**TASK DETAILS:** Set down the full listing exactly as given. Any pictures are to be left out.

**GIVEN MATERIAL:**
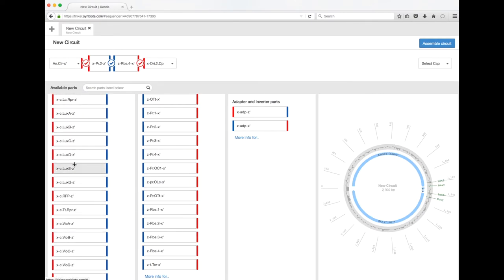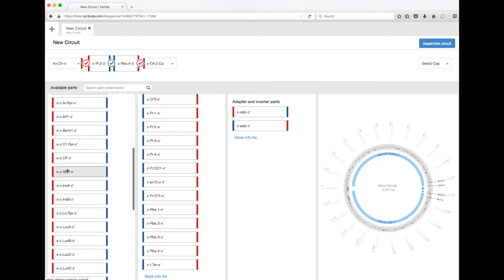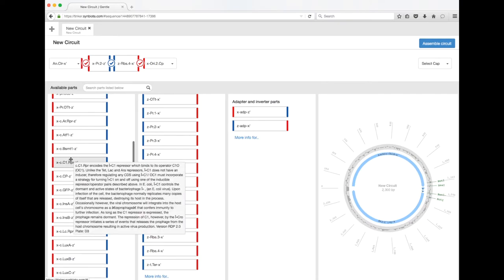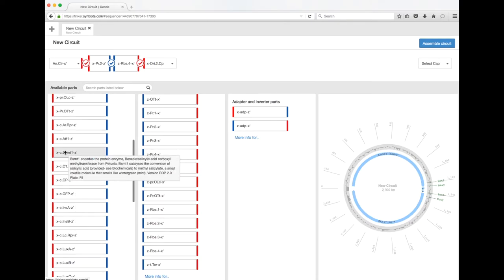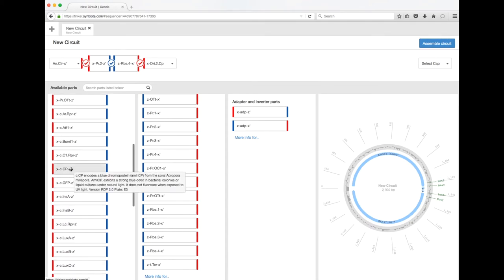You've got red fluorescent protein, proteins from the lux operon that can make glowing bacteria, insulin, green fluorescent protein, blue chromoprotein which is a blue pigment from coral, another repressor, BSMT1 which allows you to make the banana smell, and ATF1 which allows you to make the mint smell — so a lot of different things to choose from.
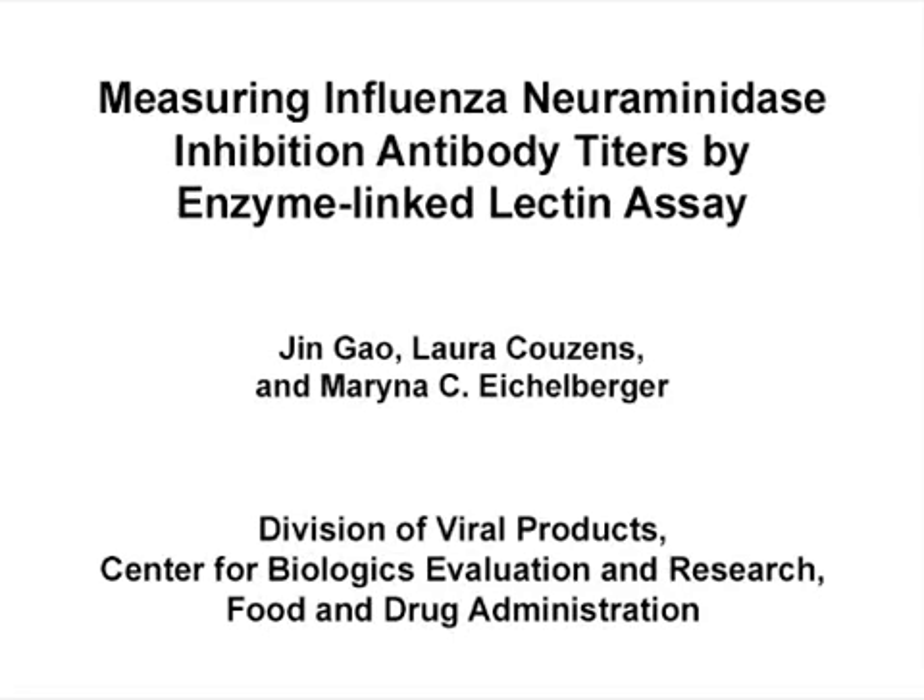The overall goal of this enzyme-linked lectin assay is to measure functional antibody titers against neuraminidase, a glycoprotein on the influenza virus surface. This method can help answer key questions in the vaccine field, such as: is there an antibody response to neuraminidase after influenza vaccination or infection? The main advantage of this technique is that it provides a practical platform to measure neuraminidase inhibition titers in large numbers of serum samples.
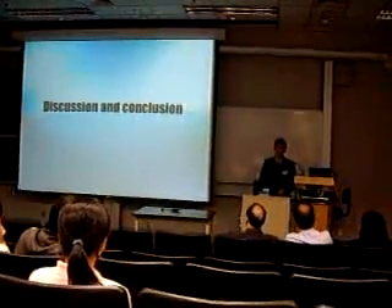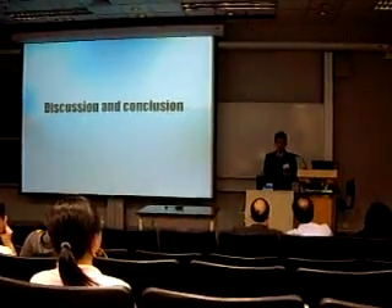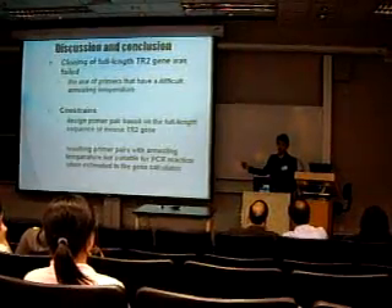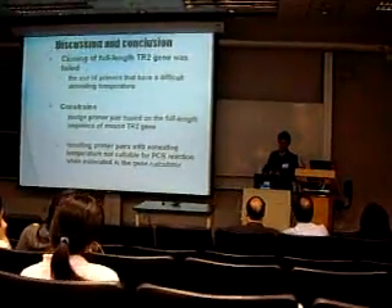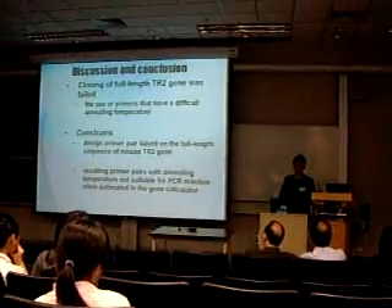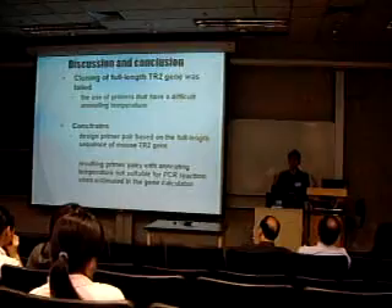In the discussion and conclusion, DNA sequencing should be performed to ensure the PCR product is the target gene we need. However, due to lack of time, sequencing was not done. The weak band seen in the gel result is because it is really difficult to design the primers, as we have to design them based on the full-length sequence of the mouse TR2 gene. The resulting primer pair annealing temperature was not suitable for PCR reaction when estimated in the gene calculator, and there are more factors to consider in designing the primers.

**RESPONSE:**
You've got red fluorescent protein, proteins from the lux operon that can make glowing bacteria, insulin, green fluorescent protein, blue chromoprotein which is a blue pigment from coral, another repressor, BSMT1 which allows you to make the banana smell, and ATF1 which allows you to make the mint smell — so a lot of different things to choose from.
The overall goal of this enzyme-linked lectin assay is to measure functional antibody titers against neuraminidase, a glycoprotein on the influenza virus surface. This method can help answer key questions in the vaccine field, such as: is there an antibody response to neuraminidase after influenza vaccination or infection? The main advantage of this technique is that it provides a practical platform to measure neuraminidase inhibition titers in large numbers of serum samples.
In the discussion and conclusion, DNA sequencing should be performed to ensure the PCR product is the target gene we need. However, due to lack of time, sequencing was not done. The weak band seen in the gel result is because it is really difficult to design the primers, as we have to design them based on the full-length sequence of the mouse TR2 gene. The resulting primer pair annealing temperature was not suitable for PCR reaction when estimated in the gene calculator, and there are more factors to consider in designing the primers.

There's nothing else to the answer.